Ketika temanku bertanya kepadaku, “Ngapain ya mbak S2 di sini, apa karena korupsi?” Aku hanya bisa tersenyum kecut. Aku sadar bahwa keadilan di negeri ini memang belum sepenuhnya ditegakkan. Ada yang jelas-jelas seseorang tidak melakukan tindakan korupsi masuk penjara karena dianggap salah admninistrasi. Ada yang karena haus setelah berjalan kaki mencuri semangka di kebun, belum sampai dimakan telah dianiaya dan dimasukkan tahanan. Sementara di luar sana para pembunuh dan koruptor berdasi tidak terusik oleh hukum dan keadilan.

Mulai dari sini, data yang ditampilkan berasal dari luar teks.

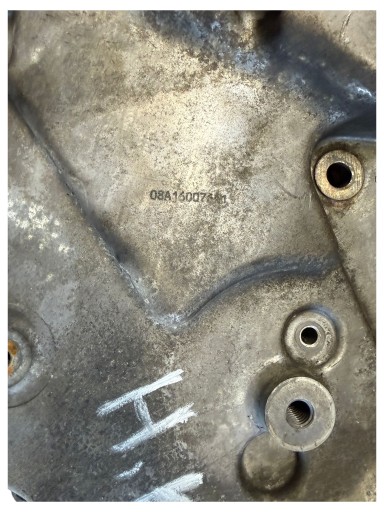 Ölpumpe G4FA KIA ceed 1 06-12 1,4 16V hyundai i30 g4fa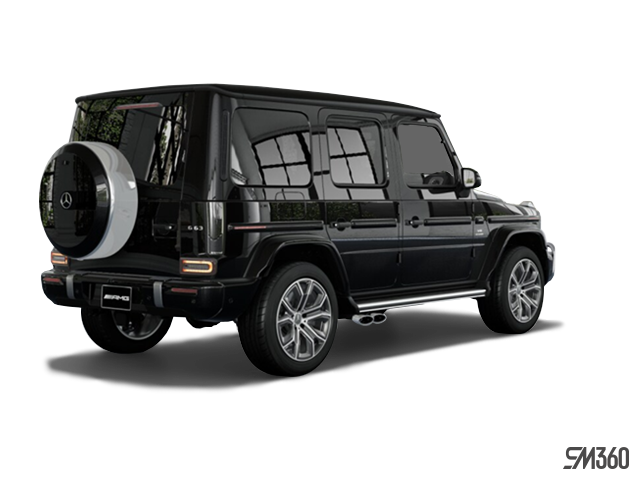 2025 Mercedes-Benz G-Class AMG 63 -  - 3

Kami mendapat informasi bahwa para pekerja di perpustakaan, di dapur, di koperasi dan tempat lain yang memakai baju merah muda adalah warga binaan yang telah lolos evaluasi, sehingga mereka dikaryakan. Evaluasi terhadap tingkah laku dilakukan setiap minggu dan setiap warga binaan dibina oleh seorang wali. Di tiap dekat blok di tempeli foto, nama, register, hukuman dan denda serta nama wali setiap penghuni yang ditempelkan berdasarkan kriteria hasil evaluasi, mulai maximum security sampai minimum security.
Setelah membicarakan materi yang akan kami latihkan dan jadual yang mungkin dipadukan dengan kegiatan yang telah ada, kami pun berpamitan. Di lorong menuju pintu keluar, aku sempatkan berdoa, “Ya Allah, betapa pun tempat ini bagus, aku tidak ingin menjadi penghuninya, aku hanya akan datang sebagai orang yang memberi. Amiin”.

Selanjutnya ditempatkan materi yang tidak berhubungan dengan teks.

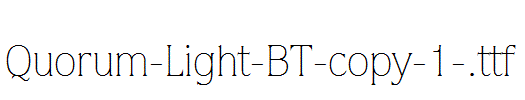 Quorum-Light-BT-copy-1-.ttf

Yang ingin kami bagi dari pengalaman kami mengunjungi penjara wanita adalah bahwa warga binaan LP adalah manusia, yang mungkin karena kesalahan ataupun keterpaksaan, mereka harus tinggal di sana. Janganlah karena itu kita menghakimi mereka, bukan tidak mungkin mereka lebih mulia dari kita yang merasa dirinya terhormat dan suci. Anggap saja mereka adalah orang-orang yang diberi kesempatan untuk menebus kesalahannya di dunia, sehingga kelak akan menghadap penciptanya dalam keadaan telah bertobat (ESR).

To: Mbak Aas
Terima kasih karena mengajakku dalam pembelajaran tentang sisi lain kehidupan ini.